Ostatnio czytam skład keczupu co se kupiłem. Wielkimi literami na przedzie BEZ GMO i BEZ GLUTENU a w składzie syrop kukurydziany. To ja już wolę w składzie gmo i gluten ale nie pakujcie mi głównego powodu obrastania tłuszczem przez amerykańców do mojego jedzenia.
Od cukru paradoksalnie więcej się tyje niż od tłuszczu. Sam w to nie chciałem uwierzyć. Do czasu...
Ponad rok temu piłem bardzo dużo Coca-Coli i stopniowo coraz więcej ważyłem. Sam nie wiedziałem, dlaczego - prawie w ogóle nie jadłem słodyczy, chipsów oraz innych słonych przekąsek. Jednak gdy osiągnąłem 100kg a wyniki miałem coraz gorsze, musiało być coś na rzeczy. Ostatecznie niemal rok temu odstawiłem całkowicie Coca-Colę, cały cukier, nawet herbaty już nie słodzę. Zacząłem pić hektolitry wody. I w ten sposób od maja do listopada z powrotem straciłem 16kg. Do teraz utrzymuję wagę w granicach ~85kg. I nawet pomimo to, że obecnie pozwalam sobie od czasu do czasu na jakieś chipsy czy inne przekąski.
Czyli co z tego wynika? Od cukru bardziej się tyje niż od tłuszczu.
Myśle, że główna przyczyną otyłości Amerykanów jest to, że wpierdzielają dużo za dużo ale to ja tam w sumie wiem?
„Czyli co z tego wynika? Od cukru bardziej się tyje niż od tłuszczu.”
Nie. Jak piłeś tej coli w uj i pewnie jeszcze byłeś cały czas na dodatnim bilansie kalorycznym, to regularnie tyłeś. Tu nie ma żadnych niesamowicie intrygujących niuansów ludzie.
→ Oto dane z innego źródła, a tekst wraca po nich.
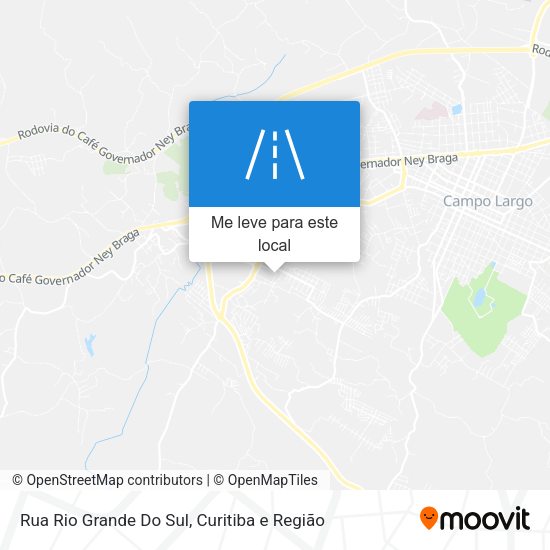 Rua Rio Grande Do Sul mapa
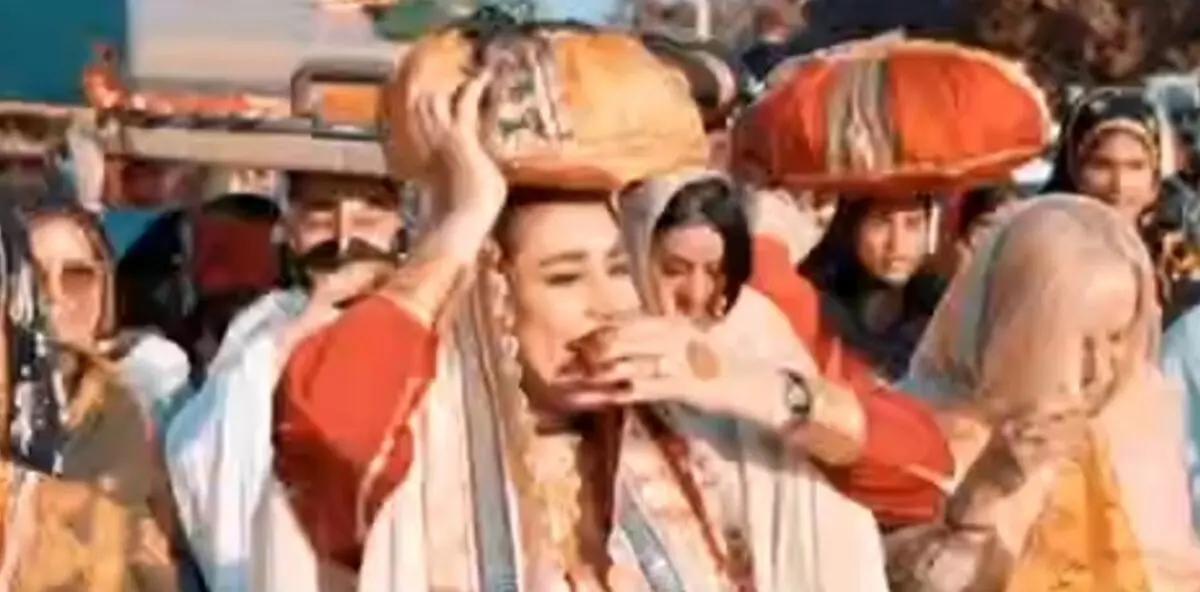 مراسم سنتی در بندرعباس که مورد غضب قرار گرفت/ ویدئو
Przekraczasz bilans kalorii- idziesz w górę. Nie osiągasz bilansu - lecisz w dół.
@up
Był kiedyś taki materiał, że w latach 70 w USA zaczęli wprowadzać masę produktów light, bez tłuszczu. A mimo wszystko ilość otyłych osób jeszcze bardziej rosła. A dlaczego? Bo nawpieprzali do produktów i napojów jeszcze więcej cukru :P
Ehh, nie dość że piwa zawierają mniej alkoholu niż niegdysiejsze odpowiedniki, to teraz chcą zrobić ze smaku totalne siki?
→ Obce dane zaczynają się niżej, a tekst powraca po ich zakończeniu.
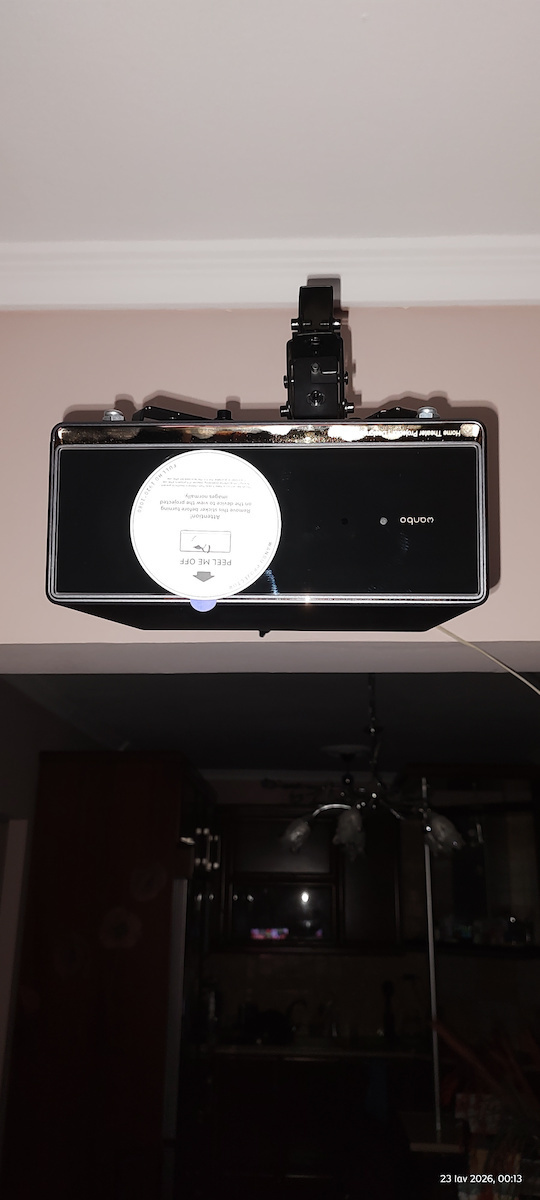Wanbo X5 Pro Projector LCD Full HD Λάμπας LED με Wi-Fi και Ενσωματωμένα Ηχεία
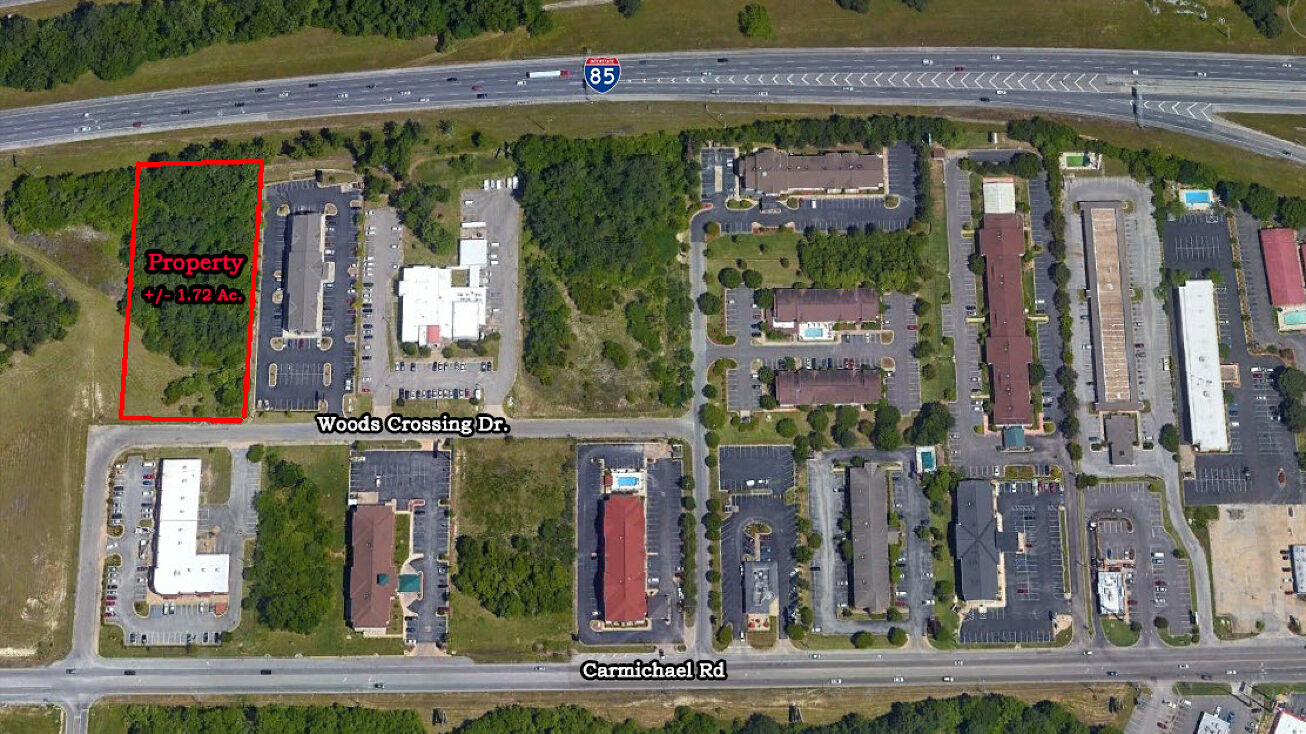 Woods Crossing 1.72 Ac. Lot, Montgomery, AL 36106 Land for Sale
Ja tam jeśli chodzi o piwo to głównie portery, risy, barley wine, więc procentów nigdy za mało.
chcą zrobić ze smaku totalne siki?
to wyszłoby większości popularnych marek, robiących chemiczne imitacje piwa, jedynie na dobre
przynajmniej smakowały by... bardziej naturalnie :]
No to odkryłeś Amerykę. Porównaj sobie ludzi z przed dekady i dzisiejszych. Dziś nas zabija skażone powietrze i żywność. Chcesz jest zdrowo to zainwestuj w wiejską gospodarkę. Moi rodzice mieszkają na wsi i zjeść u nich kurę czy jajka to nie to samo co z marketu. To samo z owocami i warzywami.
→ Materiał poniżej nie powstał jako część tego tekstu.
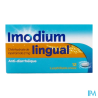 IMODIUMLINGUAL 2MG LYOC 12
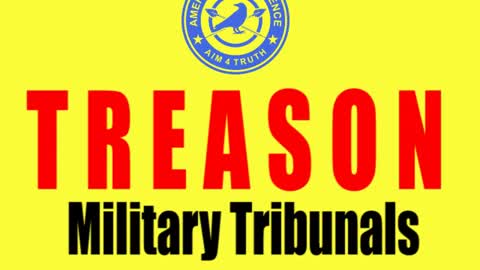 Trump Tweets Treason and Kavanaugh Explains Military Tribunals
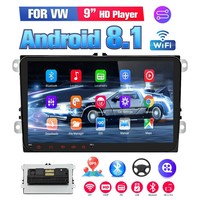 9" Car Stereo GPS Android 8.1 Navi For VW GOLF 5 PASSAT Tiguan Caddy Polo EOS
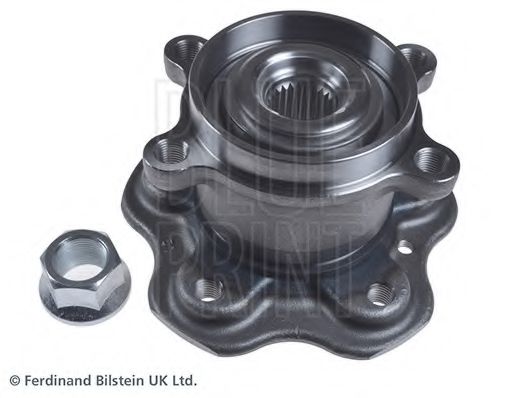 BLUE PRINT ADN18392 Комплект подшипника ступицы колеса для NISSAN QASHQAI 2 (Ниссан Кашкай 2) BLUE PRINT ADN18392 Комплект подшипника ступицы колеса для NISSAN QASHQAI 2 (Ниссан Кашкай 2)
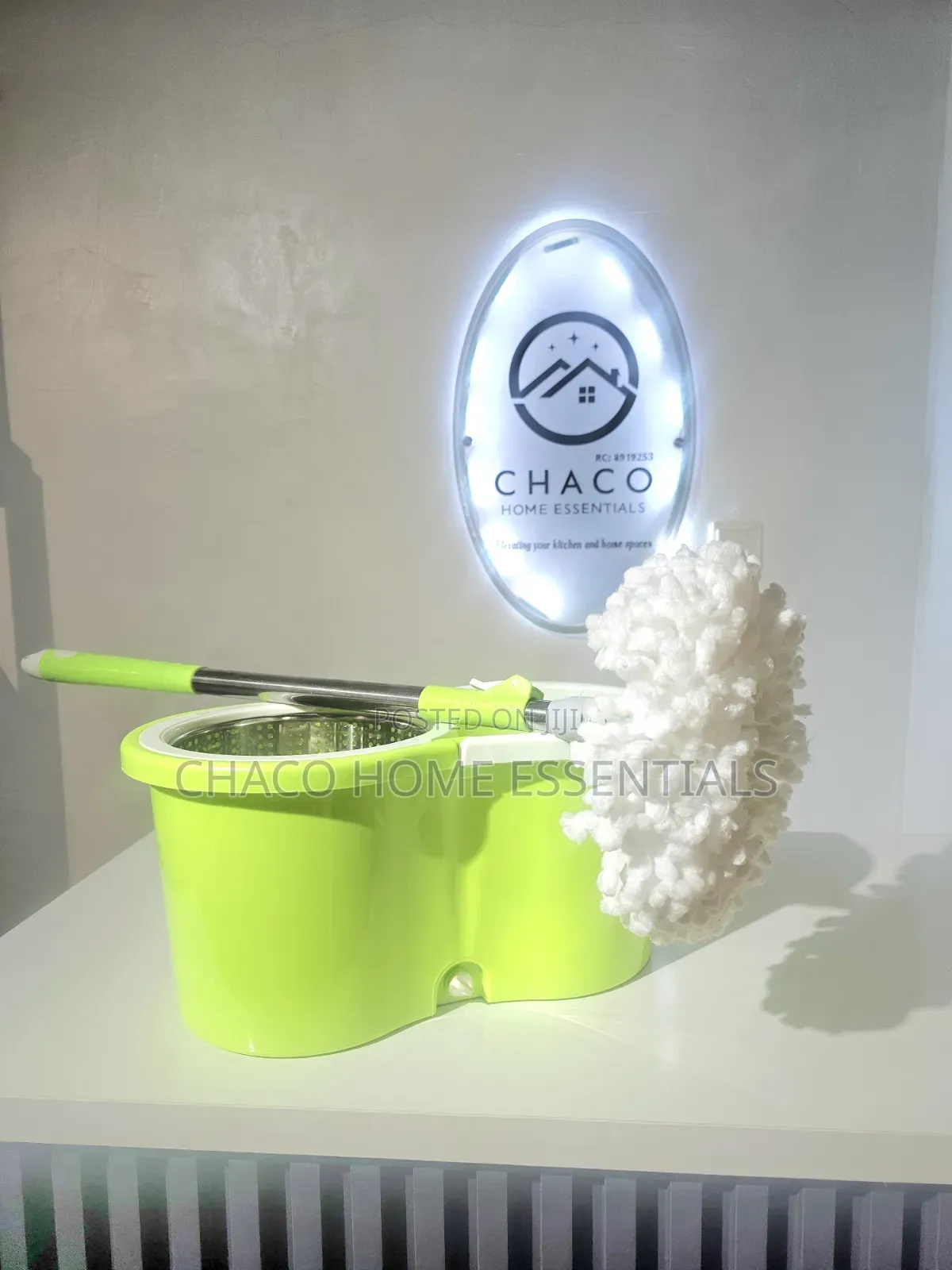 Spin Mop Bucket Set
Ta, bo dekadę temu powietrze na pewno było mniej skażone niż teraz.
Bo było. Teraz smog to codzienność, pełno samochodów na ulicach i jeszcze skutki Czarnobylu. Cofnij się np o 100 lat wcześniej albo nawet i 50 i sobie porównaj.
A Ty wiesz ile to jest dekada? Trochę mniej niż 100 lat a nawet 50.
Wiem. Właśnie się skapczyłem, że u mnie w slangu ze wsi chodziło o wiek temu. Sorki za nieporozumienie.
Skazenie powietrza to zdecydowana przesada, ja bym stawial na gowniana jakosc jedzenia, wszechobecne ulepszacze smaku, konserwanty i inne gowno ktore dodaja do wszystkiego.
Taaa, jasne.
Dlatego że jest teraz znacznie gorzej to ludzie żyją znacznie dłużej.